Using the records below, output the stretch that opens with the line containing "Collarless Elongated Cuff Shirt Black" and closes with the line containing "Rise Broadway apartments in Mesa, AZ", exactly and including both lines, with nothing more.

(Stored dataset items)
******

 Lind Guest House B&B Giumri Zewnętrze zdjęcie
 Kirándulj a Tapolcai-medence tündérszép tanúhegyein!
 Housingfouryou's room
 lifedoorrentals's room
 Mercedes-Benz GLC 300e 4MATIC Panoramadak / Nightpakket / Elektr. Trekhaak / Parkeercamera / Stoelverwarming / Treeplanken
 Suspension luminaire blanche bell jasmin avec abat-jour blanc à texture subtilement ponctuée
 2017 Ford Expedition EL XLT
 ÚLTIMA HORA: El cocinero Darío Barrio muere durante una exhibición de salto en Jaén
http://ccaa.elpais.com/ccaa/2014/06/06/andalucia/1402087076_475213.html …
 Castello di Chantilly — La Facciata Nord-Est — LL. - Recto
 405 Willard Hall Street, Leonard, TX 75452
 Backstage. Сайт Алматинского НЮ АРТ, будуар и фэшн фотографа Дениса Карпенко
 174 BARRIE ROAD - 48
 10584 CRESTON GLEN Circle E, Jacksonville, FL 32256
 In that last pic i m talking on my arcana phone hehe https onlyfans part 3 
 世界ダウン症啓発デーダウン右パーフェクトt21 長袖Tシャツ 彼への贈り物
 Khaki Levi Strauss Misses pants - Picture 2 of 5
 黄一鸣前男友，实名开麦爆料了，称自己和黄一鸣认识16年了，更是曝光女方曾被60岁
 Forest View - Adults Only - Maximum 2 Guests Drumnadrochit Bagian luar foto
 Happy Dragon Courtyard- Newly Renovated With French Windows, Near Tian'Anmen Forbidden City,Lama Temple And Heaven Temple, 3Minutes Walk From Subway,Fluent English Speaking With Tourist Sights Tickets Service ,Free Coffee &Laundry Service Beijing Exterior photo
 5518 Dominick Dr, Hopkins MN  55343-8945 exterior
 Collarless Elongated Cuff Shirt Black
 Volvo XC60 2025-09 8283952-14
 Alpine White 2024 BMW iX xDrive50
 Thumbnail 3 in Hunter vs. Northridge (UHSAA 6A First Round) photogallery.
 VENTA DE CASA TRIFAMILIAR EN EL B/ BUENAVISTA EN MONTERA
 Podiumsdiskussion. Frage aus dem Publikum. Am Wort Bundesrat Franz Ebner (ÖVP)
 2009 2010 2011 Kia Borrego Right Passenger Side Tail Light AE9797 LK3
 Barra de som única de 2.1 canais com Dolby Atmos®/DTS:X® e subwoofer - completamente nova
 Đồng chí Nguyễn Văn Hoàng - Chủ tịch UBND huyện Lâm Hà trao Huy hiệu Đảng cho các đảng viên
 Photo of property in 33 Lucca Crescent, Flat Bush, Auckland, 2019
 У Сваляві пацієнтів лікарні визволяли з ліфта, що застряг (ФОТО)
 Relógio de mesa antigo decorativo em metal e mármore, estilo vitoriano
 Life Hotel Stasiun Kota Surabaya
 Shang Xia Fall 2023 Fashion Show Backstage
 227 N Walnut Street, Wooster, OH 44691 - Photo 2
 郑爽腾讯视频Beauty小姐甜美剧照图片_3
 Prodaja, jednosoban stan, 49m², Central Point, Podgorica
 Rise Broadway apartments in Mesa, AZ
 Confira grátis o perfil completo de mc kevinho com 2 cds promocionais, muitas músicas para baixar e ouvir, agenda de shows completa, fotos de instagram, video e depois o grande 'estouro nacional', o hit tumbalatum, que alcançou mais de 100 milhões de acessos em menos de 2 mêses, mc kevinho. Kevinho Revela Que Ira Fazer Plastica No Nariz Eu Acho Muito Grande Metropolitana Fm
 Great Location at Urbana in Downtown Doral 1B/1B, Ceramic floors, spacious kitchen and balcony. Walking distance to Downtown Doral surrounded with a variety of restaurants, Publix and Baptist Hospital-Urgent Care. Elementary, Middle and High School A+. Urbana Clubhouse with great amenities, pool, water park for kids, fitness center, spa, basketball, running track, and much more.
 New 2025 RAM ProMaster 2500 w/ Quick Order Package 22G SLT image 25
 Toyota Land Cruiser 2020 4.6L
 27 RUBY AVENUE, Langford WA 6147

******

Expected answer ::
 Collarless Elongated Cuff Shirt Black
 Volvo XC60 2025-09 8283952-14
 Alpine White 2024 BMW iX xDrive50
 Thumbnail 3 in Hunter vs. Northridge (UHSAA 6A First Round) photogallery.
 VENTA DE CASA TRIFAMILIAR EN EL B/ BUENAVISTA EN MONTERA
 Podiumsdiskussion. Frage aus dem Publikum. Am Wort Bundesrat Franz Ebner (ÖVP)
 2009 2010 2011 Kia Borrego Right Passenger Side Tail Light AE9797 LK3
 Barra de som única de 2.1 canais com Dolby Atmos®/DTS:X® e subwoofer - completamente nova
 Đồng chí Nguyễn Văn Hoàng - Chủ tịch UBND huyện Lâm Hà trao Huy hiệu Đảng cho các đảng viên
 Photo of property in 33 Lucca Crescent, Flat Bush, Auckland, 2019
 У Сваляві пацієнтів лікарні визволяли з ліфта, що застряг (ФОТО)
 Relógio de mesa antigo decorativo em metal e mármore, estilo vitoriano
 Life Hotel Stasiun Kota Surabaya
 Shang Xia Fall 2023 Fashion Show Backstage
 227 N Walnut Street, Wooster, OH 44691 - Photo 2
 郑爽腾讯视频Beauty小姐甜美剧照图片_3
 Prodaja, jednosoban stan, 49m², Central Point, Podgorica
 Rise Broadway apartments in Mesa, AZ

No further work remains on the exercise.